国から支給される、主な補助金と助成金の違い
補助金 | 助成金 | |
---|---|---|
運営主体 | 経済産業省 | 厚生労働省 |
支援内容 | 技術開発や脱炭素をはじめとする地球環境関連、地域活性化 など | 雇用増加や安定、能力開発 など |
募集時期 | 募集開始から数週間程度 | 通年 |
支給の難易度 | 補助事業全体の金額に限りがあること、審査があることから難易度は高い傾向 | 要件を満たしていれば支給されるため難易度は低い傾向 |
金額 | 数千万円以上のものもあるなど金額が高い事業も多い | 少額な事業がほとんど |
表のとおり、補助金は経済産業省が運営する事業が多く、支給金額も高額な事業が多くあることから、大いに活用できる資金調達方法といえるでしょう。一方で、採択金額や件数があらかじめ決まっているケースがほとんどのため、審査に通るようしっかりと対策を講じることが大切です。
助成金は厚生労働省が運営する事業が多く、支給金額は少額ながら要件を満たせば受け取れる可能性が高いという特徴があります。
また、各補助金・助成金では支援する内容が明確に定められています。

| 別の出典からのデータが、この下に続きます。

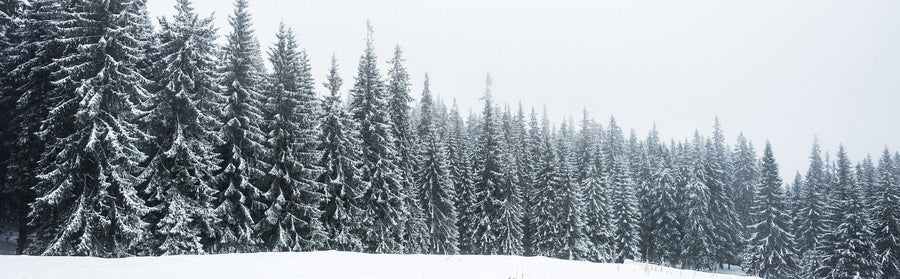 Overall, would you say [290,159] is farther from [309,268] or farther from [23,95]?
[309,268]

補助金や助成金を活用する際には、自社で取り組みたい事業などと合わせて補助金・助成金を選択しましょう。
スタートアップが活用できる補助金(国・外郭団体)
ここからは、スタートアップ・ベンチャーが活用できる補助金をご紹介します。
事業再構築補助金
事業再構築補助金とは、コロナ禍の影響が長期化し、当面の需要や売り上げの回復が期待しづらい中、新市場進出や事業・業種転換、事業再編など、思い切った事業再構築を考えている企業の挑戦を支援する補助金です。

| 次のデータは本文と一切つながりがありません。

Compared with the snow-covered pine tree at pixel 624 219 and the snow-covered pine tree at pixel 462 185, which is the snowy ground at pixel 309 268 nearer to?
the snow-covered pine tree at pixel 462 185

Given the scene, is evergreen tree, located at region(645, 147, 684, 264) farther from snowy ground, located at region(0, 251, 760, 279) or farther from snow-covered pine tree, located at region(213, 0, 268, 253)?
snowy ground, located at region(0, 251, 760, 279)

この補助金には成長分野進出枠(通常類型・GX進出類型)、コロナ回復加速化枠(通常類型・GX進出類型)、サプライチェーン強靭化枠の3つの枠が用意されており、補助額は最大で3億円(建築費を含む場合は5億円)と高額なことから多くの企業が注目しています。
事業再構築補助金の概要
共通要件 | A:事業再構築指針に示す「事業再構築(※)」の定義に該当する事業であること※新市場進出、事業転換、業種転換、事業再編、国内回帰、地域サプライチェーン維持・強靭化のいずれかの定義に該当する事業 B:事業計画を金融機関等や認定経営革新等支援機関と策定し、確認を受けていること C:補助事業終了後3~5年で付加価値額の年平均成長率3.0~5.0%以上増加、または 従業員一人当たり付加価値額の年平均成長率3.0~5.0%以上増加 |
対象事業者 | 1.成長分野進出枠 ・通常類型:ポストコロナに対応した成長分野への大胆な事業再構築に取り組む事業者や国内市場縮小など構造的な課題に直面している事業者 ・GX進出型:ポストコロナに対応したグリーン成長戦略「実行計画」14分野の課題の解決に資する取り組みをこれから行う事業者 2.コロナ回復加速化枠 ・通常類型:今なおコロナの影響を受け、コロナで抱えた債務の借り換えを行っている事業者や事業再生に取り組む事業者 ・最低賃金類型:コロナ禍が収束した今、最低賃金引き上げの影響を大きく受ける事業者 3.サプライチェーン強靭化枠 ・ポストコロナに対応した国内サプライチェーンの強靭化に資する取り組みをこれから行う事業者 |
補助率・補助上限額 | 1.成長分野進出枠 ・通常類型補助上限:3,000万円(※4,000万円)補助率:中小企業1/2(※2/3)、中堅企業1/3(※1/2) ・GX進出枠補助上限:中小企業5,000万円(※6,000万円)、中堅企業1億円(※1.5億円)補助率:中小企業1/2(※2/3)、中堅企業1/3(※1/2) ※短期に大規模賃金上げを行う場合 2.コロナ回復 加速化枠 ・通常類型補助上限:2,000万円補助率:中小企業2/3、中堅企業1/2 ・最低賃金類型補助上限:1,500万円補助率:中小企業3/4(一部2/3)、中堅企業3/2(一部1/2) 3.サプライチェーン強靭化枠 補助上限:3億円(建物費を含む場合は5億円)補助率:中小企業1/2、中堅企業1/3 |
対象経費 | 建物費、機械装置・システム構築費、技術導入費、外注費・専門家経費、広告宣伝費・販売促進費、研修費など |
参考サイト:経済産業省「事業再構築補助金第12回公募の概要」
以前の事業再構築補助金には前年比で売上高などの減少を示す必要がある「売上高等減少要件」が設けられていたため、創業したばかりのスタートアップでは活用が難しい補助金でした。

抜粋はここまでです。